CDX-201b · Module 2
File System Access & Networking
3 min read
Inside a cloud microVM, the file system starts as a clean clone of your repository at the commit specified in the task. Codex has full read-write access within the repository directory but cannot access files outside it. This means tasks can create, modify, and delete files freely within the project scope — but cannot read your home directory, system files, or other repositories.

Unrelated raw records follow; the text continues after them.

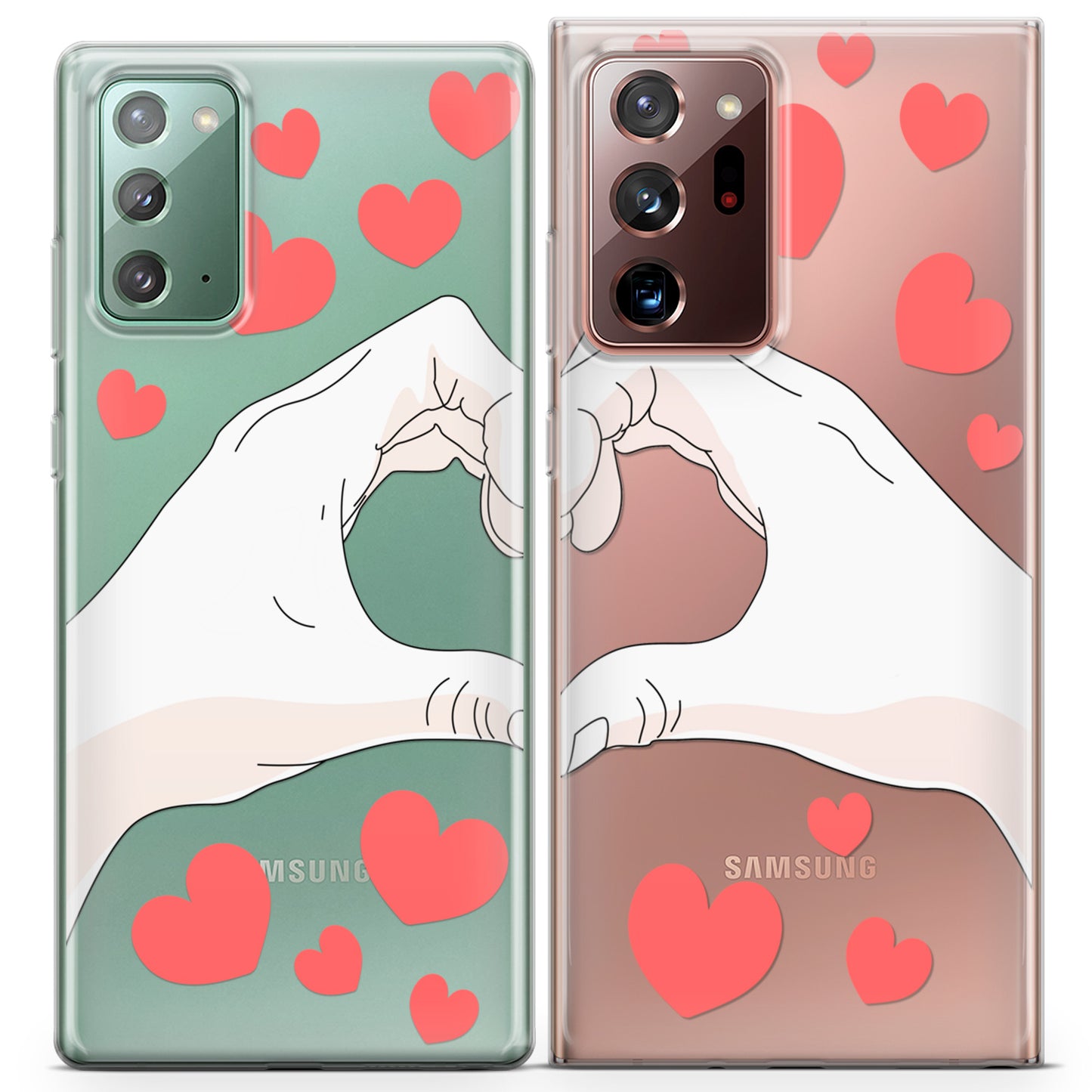 Cavka iPhone Couple Cases Heart Hands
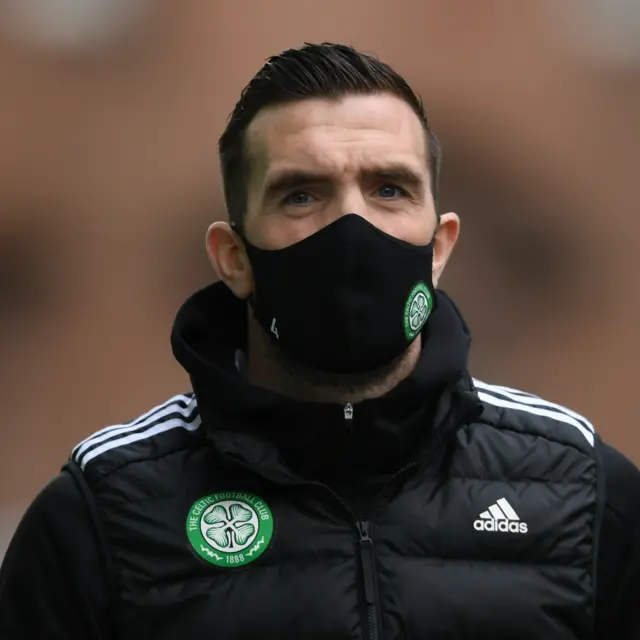 Shane Duffy is on Celtic's bench for the second successive game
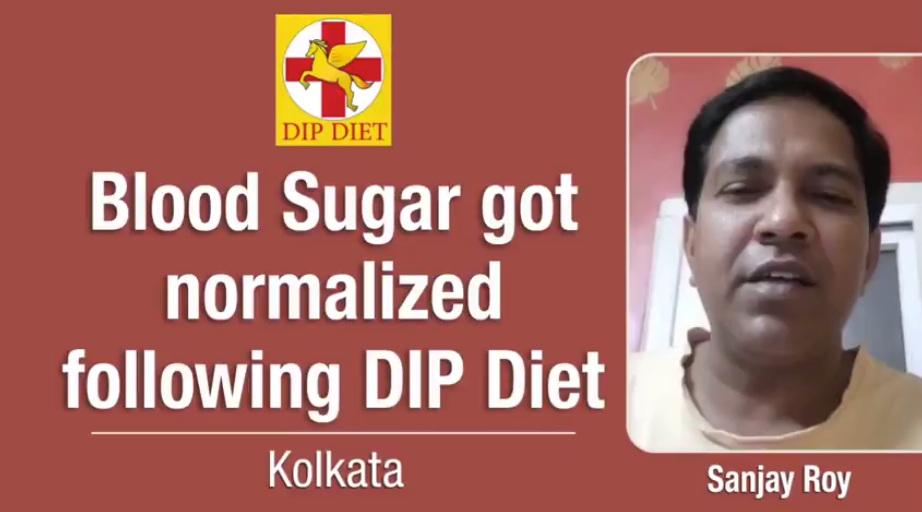 Blood Sugar got normalized following DIP Diet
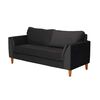 Sof&aacute; Latam Home Milan 2 Cuerpos Negro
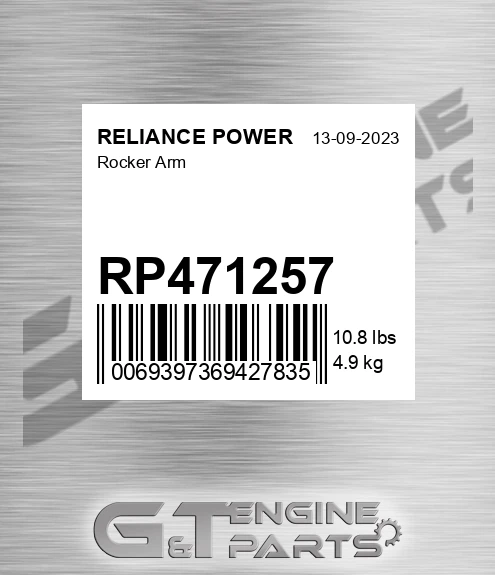 RP471257 Rocker Arm for RELIANCE POWER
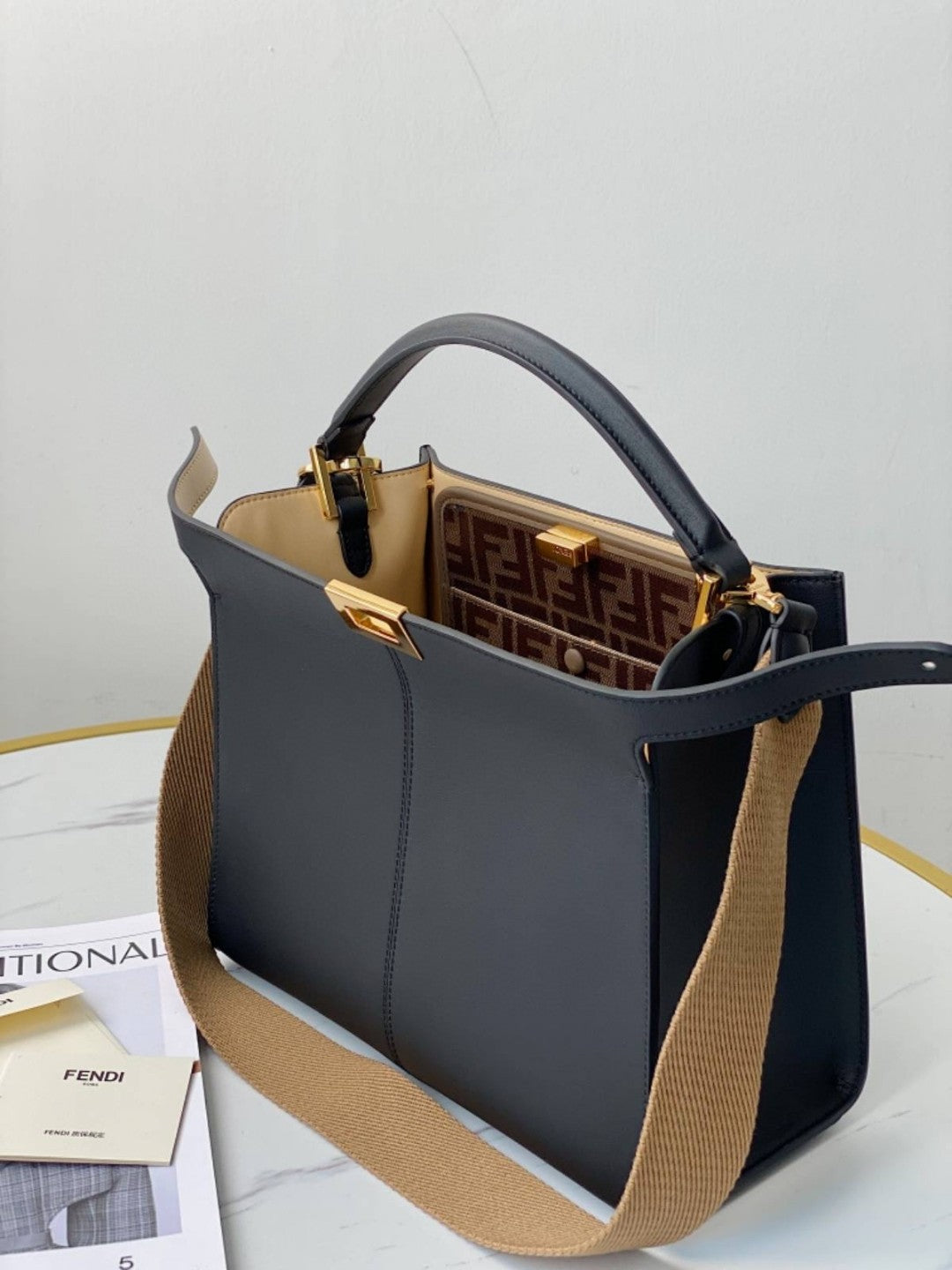 Top QualityTop Quality Peekaboo X-Lite Tote Medium Navy Blue Bag For Woman 30cm/12in
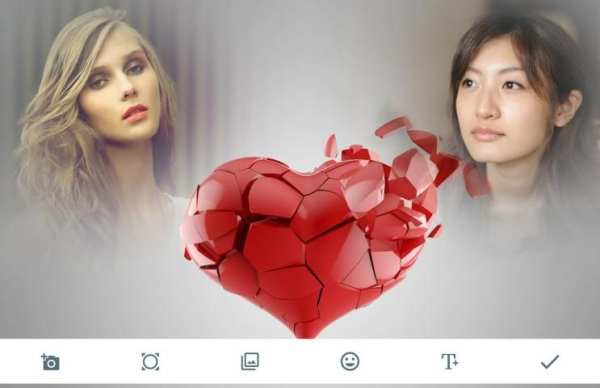 Broken Heart Photo Frames स्क्रीनशॉट 1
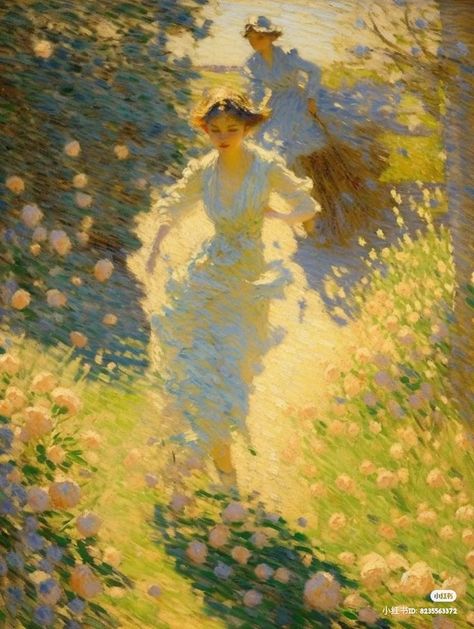 Modern Impressionism, Old Paintings, Ap Art, Impressionist Art, Impressionist Paintings, Romantic Art, Ethereal Art, Dreamy Art, Art Studies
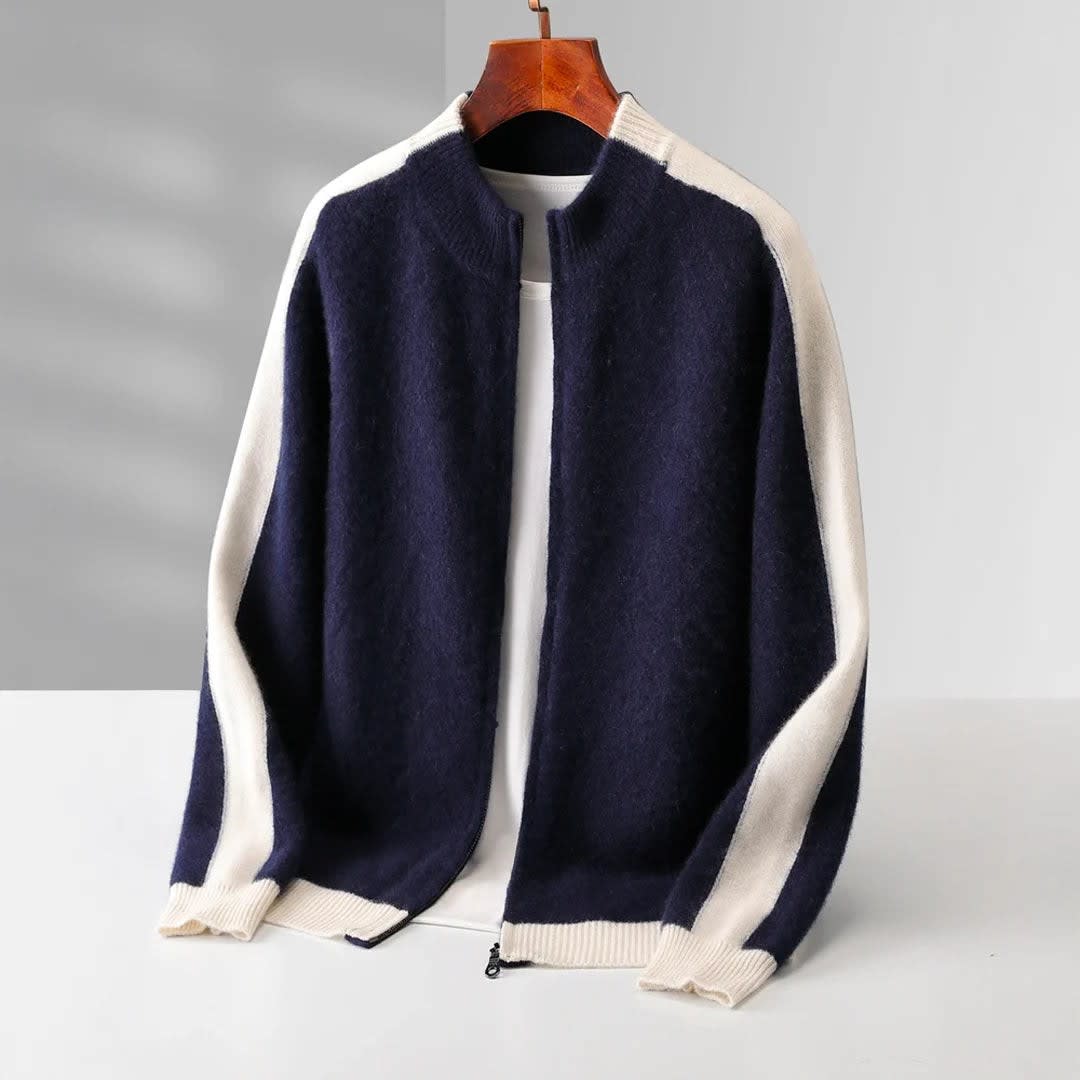 Men's Cashmere Zip Up Jacket | Everett_4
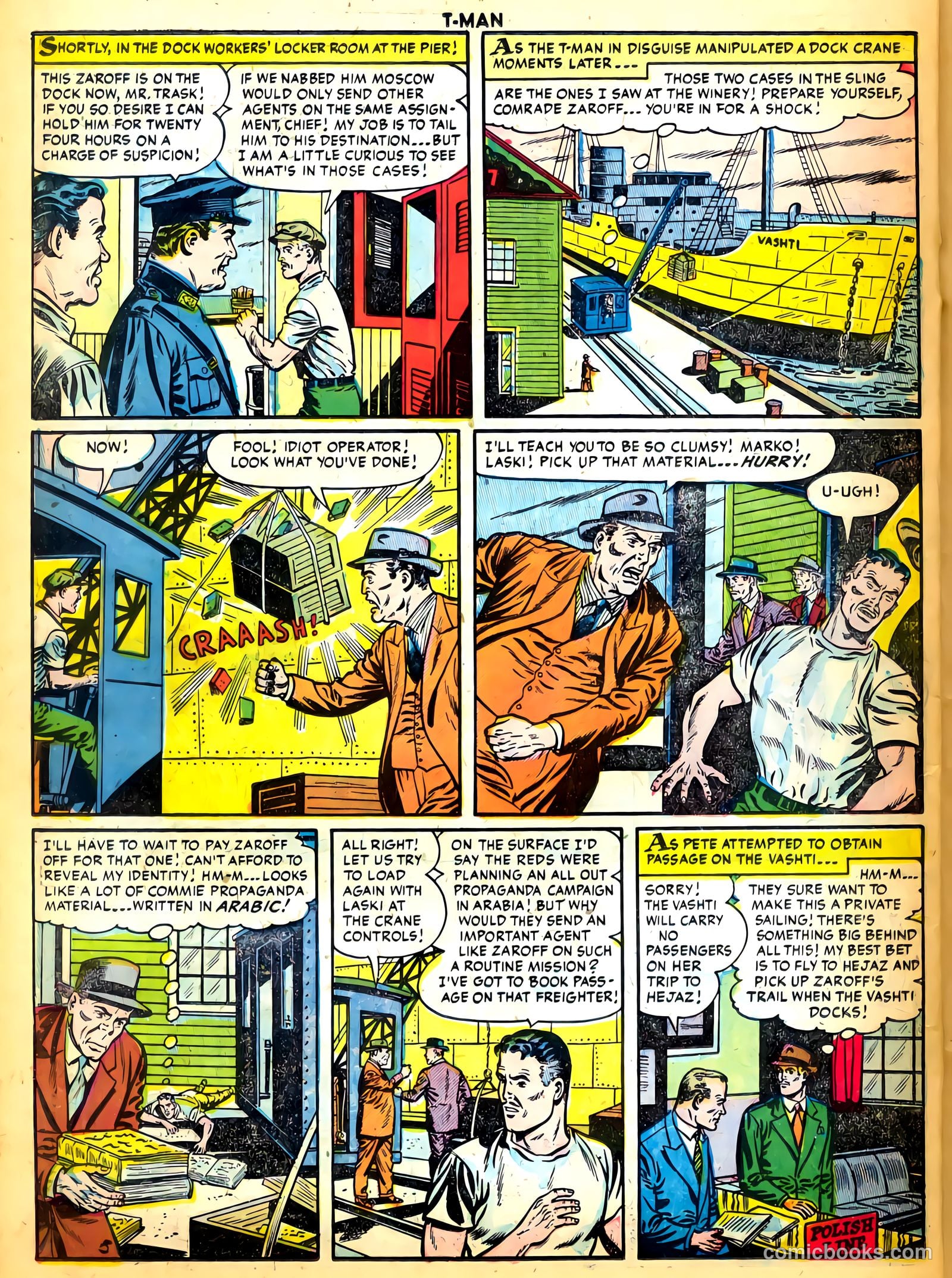 T-Man #22 (1955) — page 22 of 36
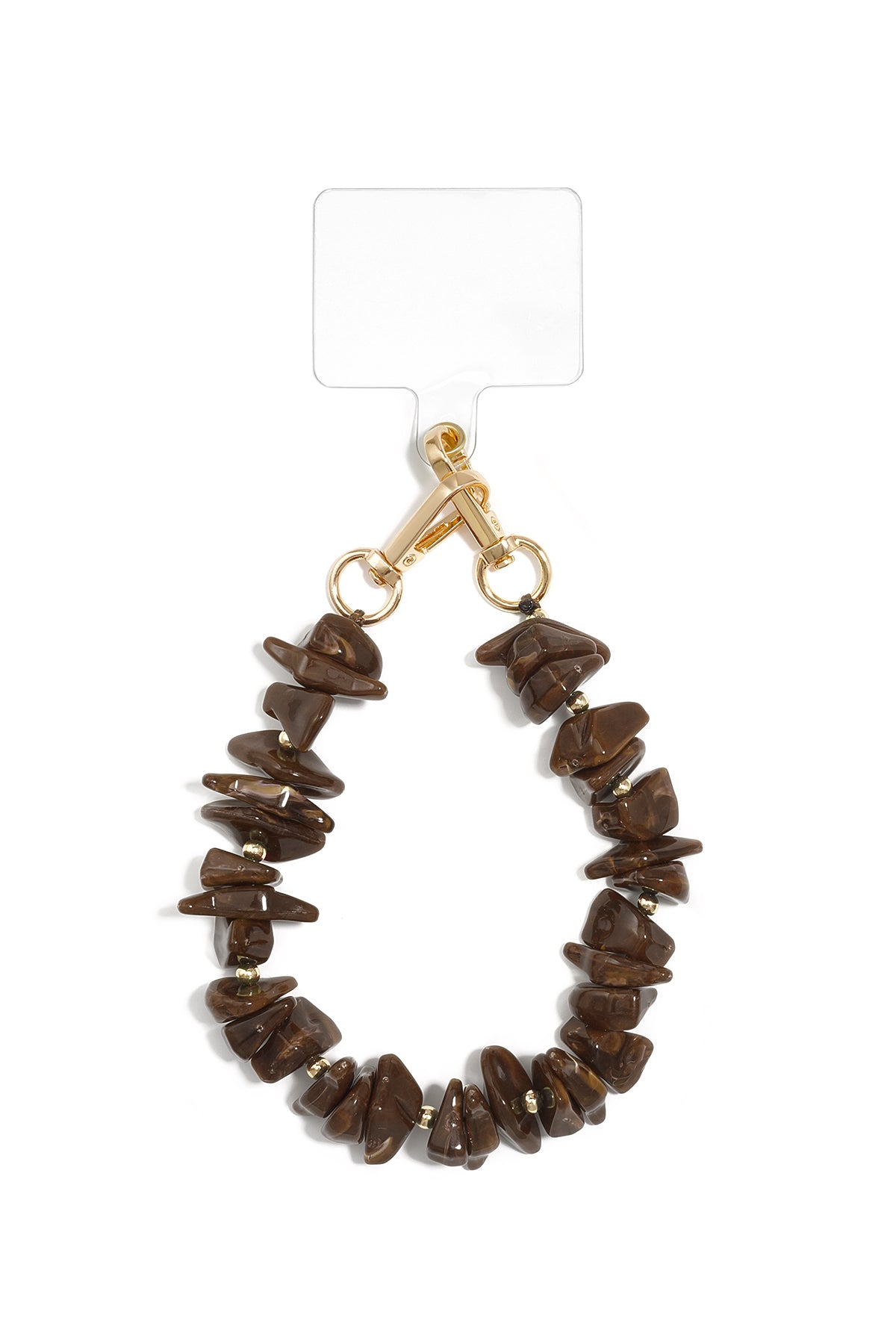 Telefoonketting met kralen, eenvoudige acryl accessoires voor dagelijks gebruik
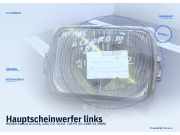 Hauptscheinwerfer links HONDA Accord III (CA4, CA5)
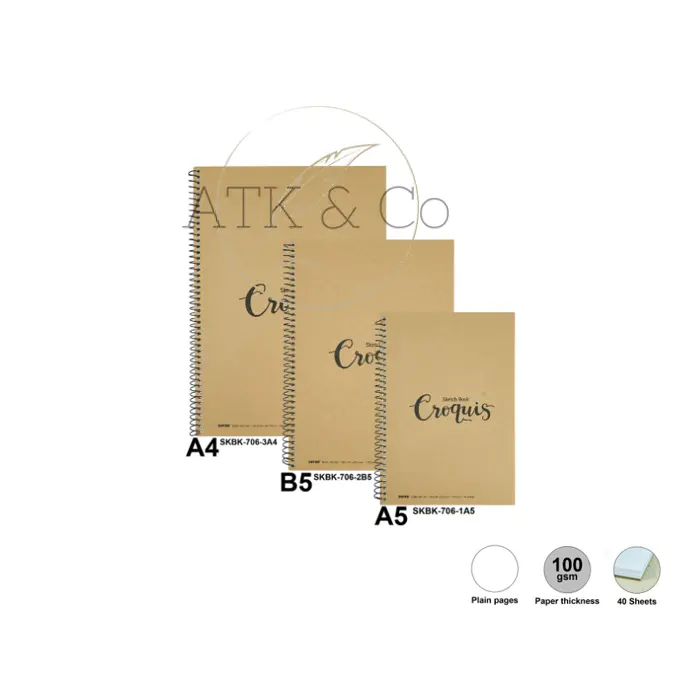 Gambar Buku Sketsa Gambar Sketchbook Sketch Book A4 A5 B5 Joyko SKBK-706 - A4 dari ATK & Co Kota Bandung 4 Tokopedia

Network policies in cloud microVMs are more restrictive than local sandbox defaults. Package registry access (npm, PyPI, Maven, etc.) is allowed for dependency installation. Git operations to the task's origin repository are allowed. Other network access — external APIs, databases, third-party services — is restricted by default. This constraint means your cloud tasks need to be self-contained: any external data the task needs should be in the repository or fetchable from allowed endpoints.
# File system access in cloud microVMs
/workspace/ # Repository root — full read-write
/workspace/.git/ # Git state — managed by Codex
/workspace/node_modules/ # Dependencies — installed at task start
/tmp/ # Temp files — available during task
/home/ # Restricted — no access
/etc/ # Restricted — no access
# Network access
registry.npmjs.org # Allowed — npm packages
pypi.org # Allowed — Python packages
github.com # Allowed — git operations
*.internal.company.com # Blocked — no custom endpoints by default- Identify external dependencies List every network call your build and test process makes. For each one, determine if it is available in the cloud microVM or needs a mock.
- Create mock fixtures For blocked endpoints, create fixture files or mock servers that live in the repository. These ensure cloud tasks can run the full test suite.
- Test locally with restrictions Run your tests with network disabled (using a tool like unshare or a firewall rule) to simulate cloud network restrictions. Fix failures before submitting cloud tasks.